Your assignment:
Write the data out again exactly, with every picture removed.

Provided material:
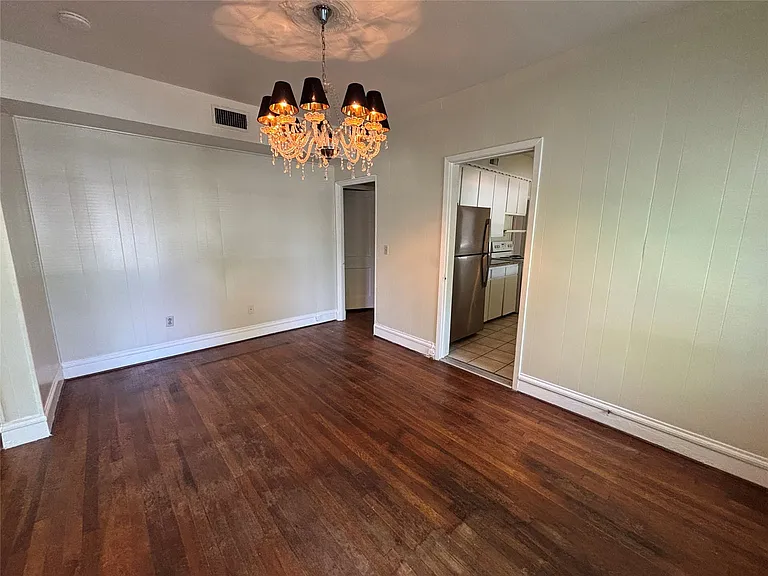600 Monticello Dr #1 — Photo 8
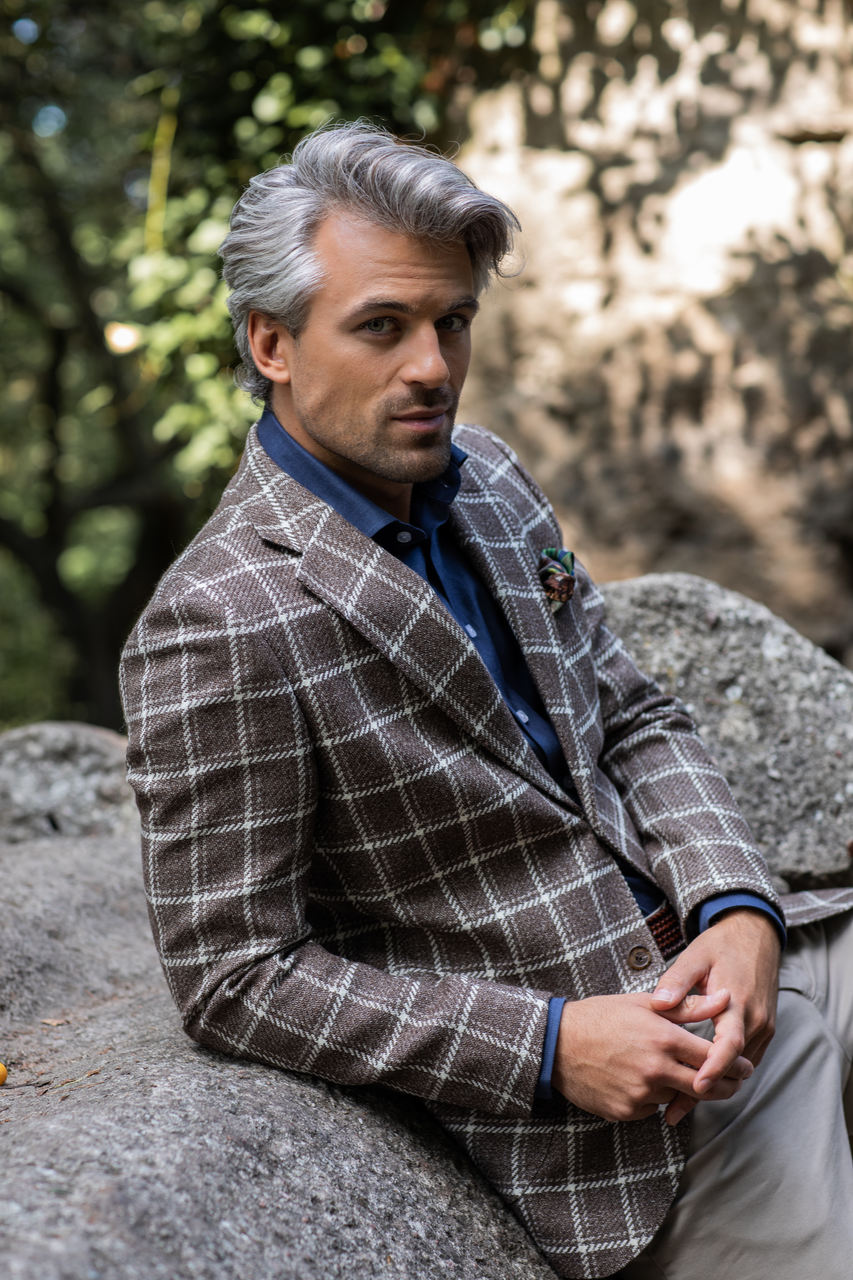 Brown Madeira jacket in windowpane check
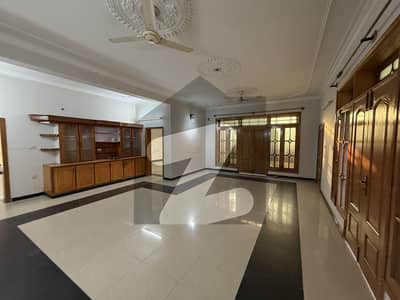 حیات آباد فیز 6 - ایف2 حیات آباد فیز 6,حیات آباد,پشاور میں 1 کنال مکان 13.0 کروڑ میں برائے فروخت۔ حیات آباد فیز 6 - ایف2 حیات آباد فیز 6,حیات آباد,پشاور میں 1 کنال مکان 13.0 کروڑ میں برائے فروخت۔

Answer for this exercise:
600 Monticello Dr #1 — Photo 8
 Brown Madeira jacket in windowpane check
 حیات آباد فیز 6 - ایف2 حیات آباد فیز 6,حیات آباد,پشاور میں 1 کنال مکان 13.0 کروڑ میں برائے فروخت۔ حیات آباد فیز 6 - ایف2 حیات آباد فیز 6,حیات آباد,پشاور میں 1 کنال مکان 13.0 کروڑ میں برائے فروخت۔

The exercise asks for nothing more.